MARWAN MUASHER: This is a natural process that will, I think, take its course in Egypt, maybe 14, 15 years before we see stability come again and before people realize that pluralism needs to be the underlying foundation, the operating system for everything that can be done.
MARGARET WARNER: The other split, of course, we're seeing -- and it seems to be growing wider and wider -- has been between Sunni and Shia. Who's going to resolve that? How will that get resolved?
MARWAN MUASHER: Again, this is, I think, a result of -- a direct result of the lack of pluralism, because the Sunni-Shiite divide in the Arab world is not just a religious divide. It's all -- also a political divide.
MARGARET WARNER: It's about power.
MARWAN MUASHER: It's -- well, yes, and groups, particularly Shiite groups in the Arab world have lived as second-class citizens for a long time. They were not given equal rights.
In my view, if all the ethnic, religious, political groups in Arab world are treated as equal citizens, a lot of these problems would just disappear. But this is not going to be automatic or immediate. This is going to take decades of work, in which you have to do things to the educational system, the value system that exists in the Arab world. In other words, there are no shortcuts to democracy.

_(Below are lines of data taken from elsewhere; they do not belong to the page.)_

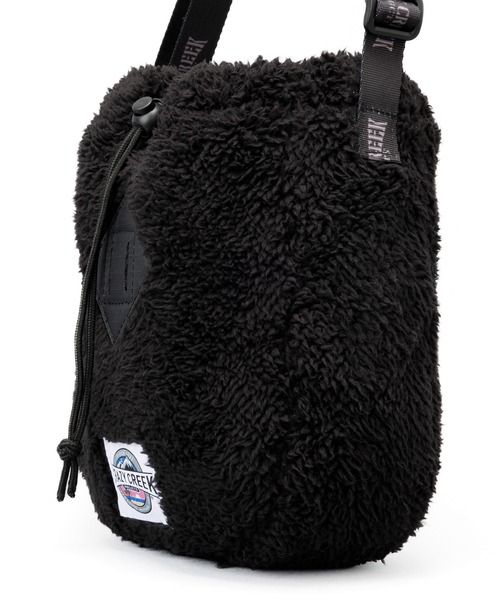 CRAZY CREEK(クレイジークリーク)の「CRAZY CREEK クレイジークリーク フリース ボールポーチ(ショルダーバッグ・メンズ・C/A/B・FREE)」の4枚目の写真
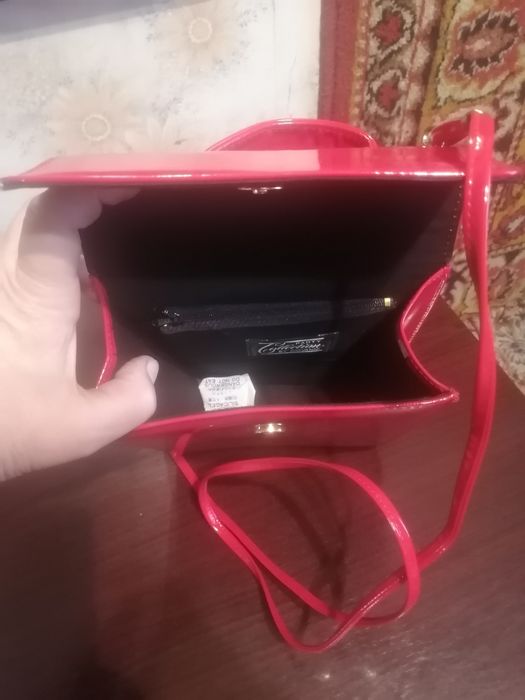 Продам кожаную женскую новую сумочку.
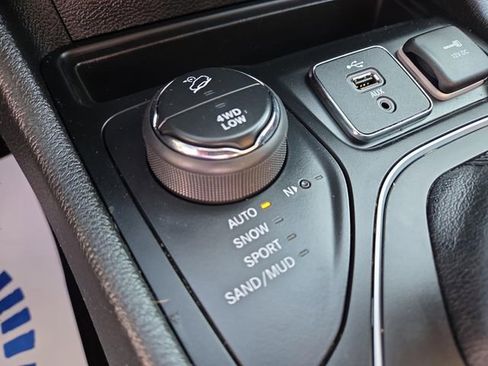 Used 2019 Jeep Cherokee Latitude Plus w/ Cold Weather Group image 22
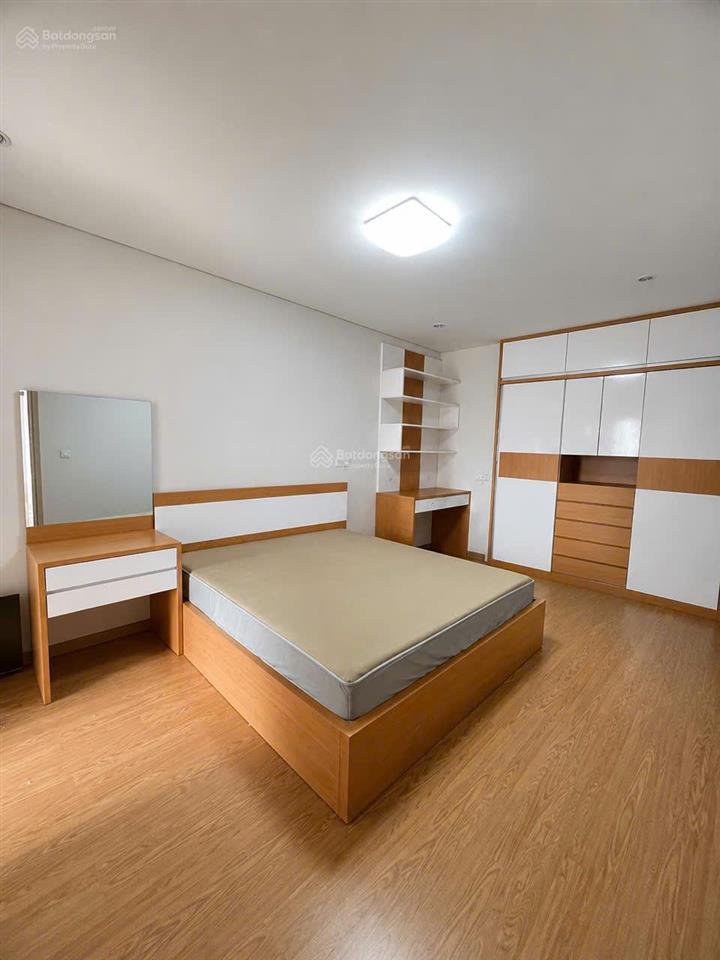 Cho thuê căn hộ cầu giấy center point, 80m2, 2pn, 2wc, giá 14 triệu/th.  0936 381 ***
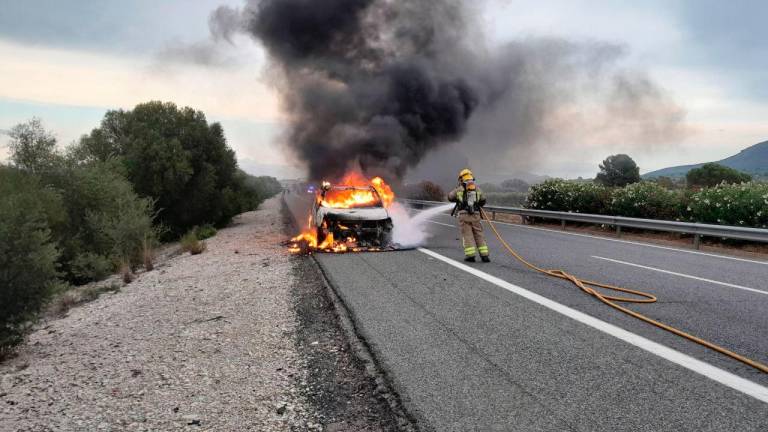 Un bombero apagando el fuego. Foto: Bombers de la Generalitat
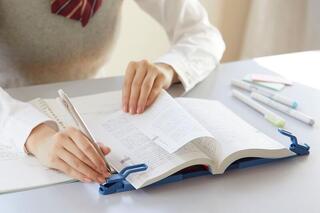 【新製品】クリップを取り外さずにページがめくれる！折りたたみブッククリップ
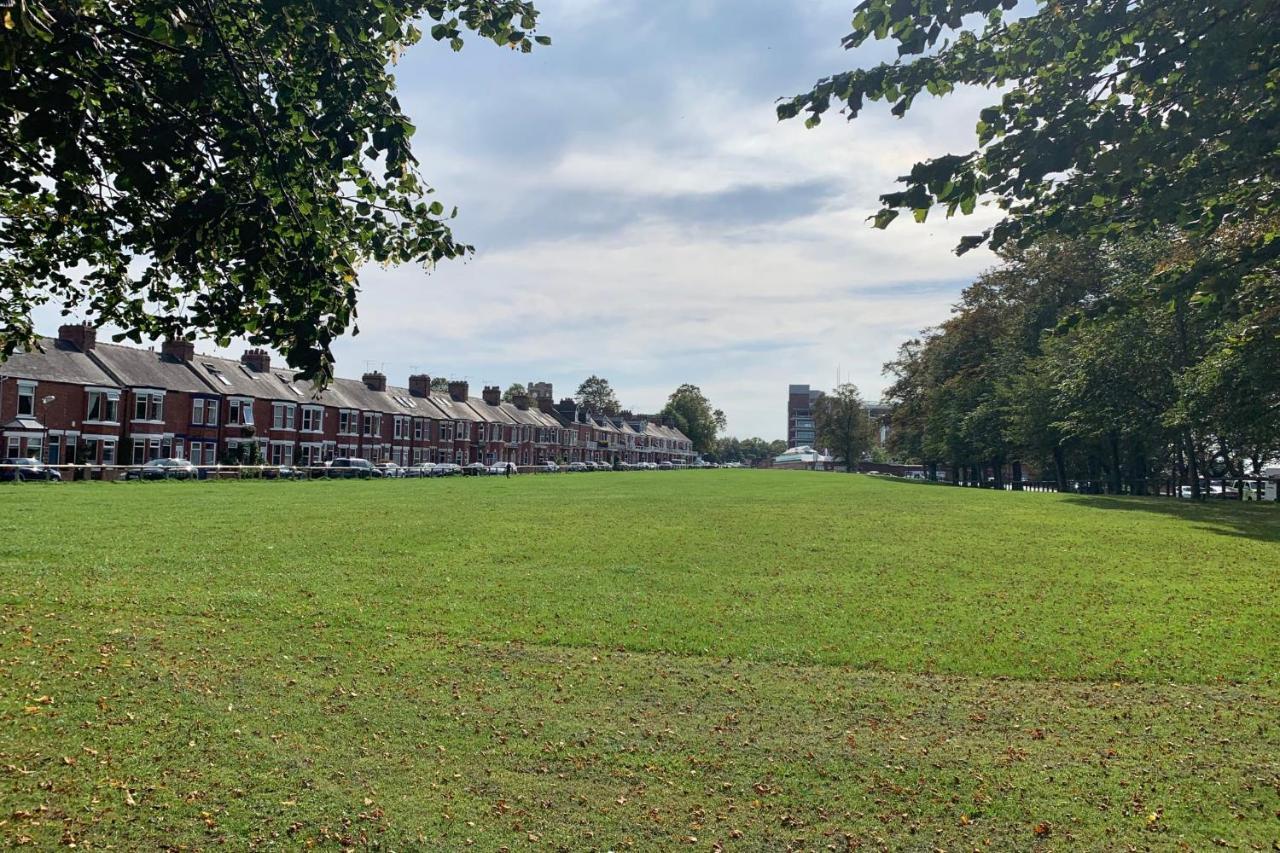 The Knavesmire - Quaint Victorian Home With Free Parking York Exterior photo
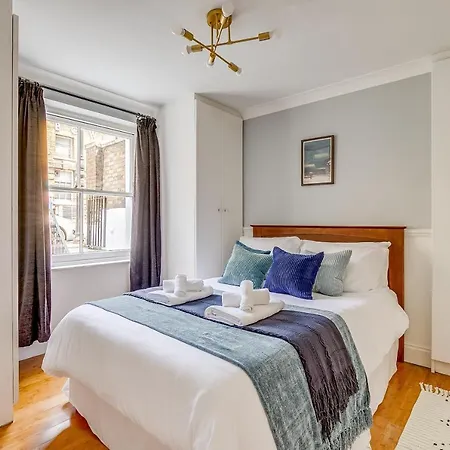 Luxury 1 Bed In East Apartment *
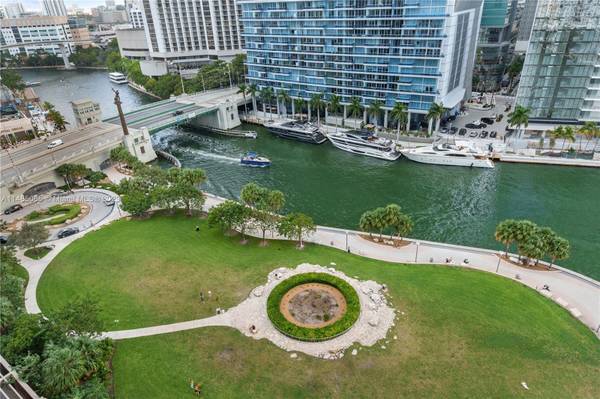 $3,400 / 1br - 816ft2 - Icon Brickell Large 1 Bedroom Unit with River Views (Brickell)64051003023361123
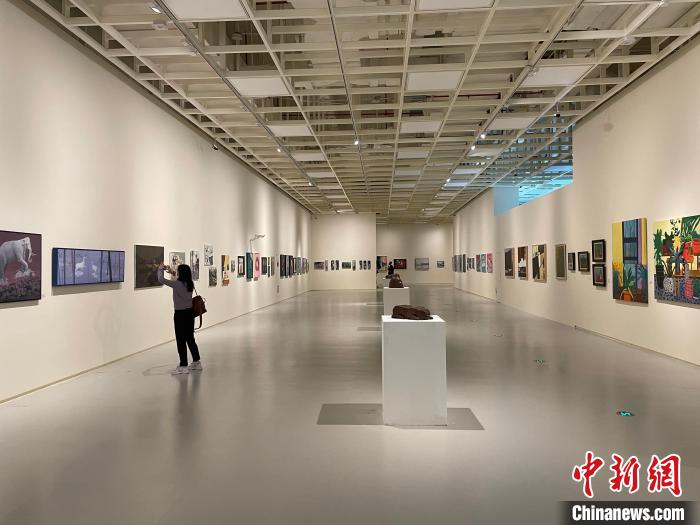 2022年上海青年藝術(shù)博覽會開幕?！「咧久?攝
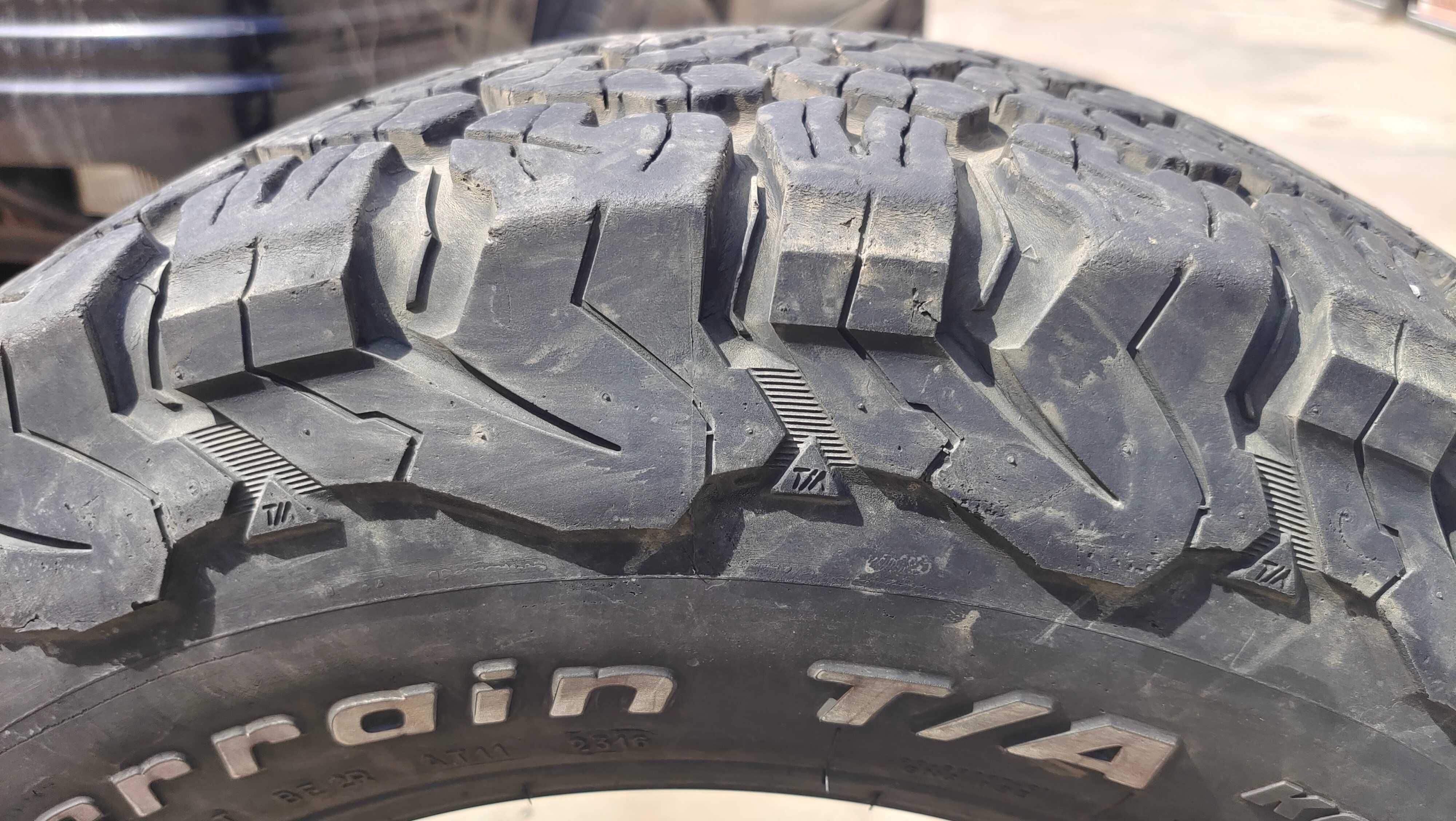 Продам комплект (4 шт.) шин BFGoodrich All Terrain 265/65 R17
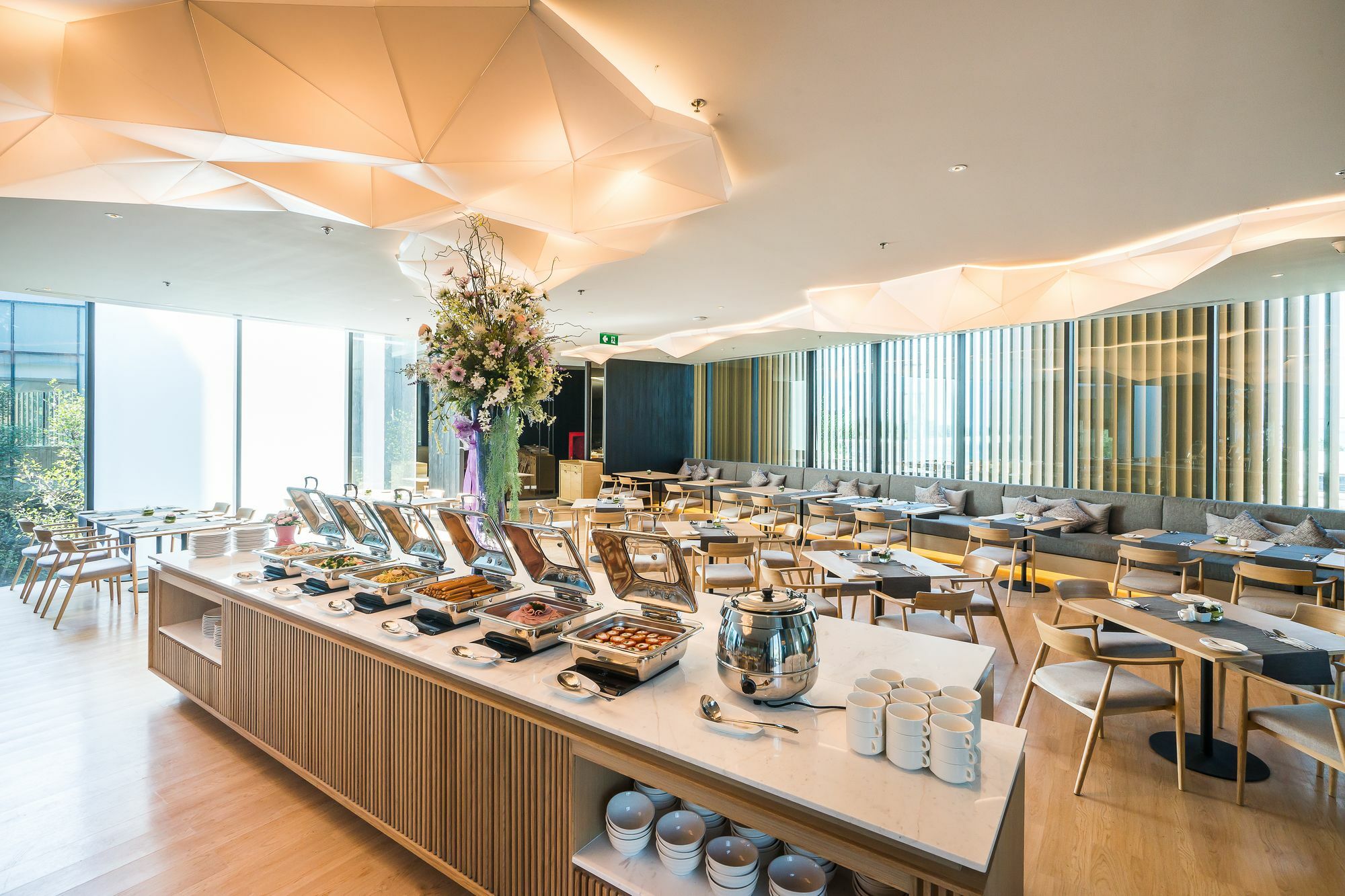 Arize Hotel Sri Racha Si Racha Extérieur photo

MARGARET WARNER: But, in the meantime as you pointed out, extremist elements, violent jihadi elements are taking advantage of this vacuum.
The U.S. has made clear it's not going to intervene in the classic military sense. What will -- I mean, other than hoping that pluralistic forces get their act together, what will bring this region to some sort of stability?
MARWAN MUASHER: I think the jihadi sort of phenomenon is transient in the Arab world.
The radical elements in Syria now are being fought by the moderate Islamists themselves. This is a fight that needs to go on. But the overwhelming majority of the Arab world do not subscribe to al-Qaida types, do not subscribe to this jihadi radical thinking.
In the end, the street in the Arab world, just as the street in any other place in the world, who cares about job, about improving their lot -- they don't care about ideology and radical forces.
MARGARET WARNER: And overcoming that has to be done by the people on the ground, not by outside powers.
MARWAN MUASHER: Absolutely. This is a responsibility of Arabs themselves, no one else.
MARGARET WARNER: Marwan Muasher, thank you.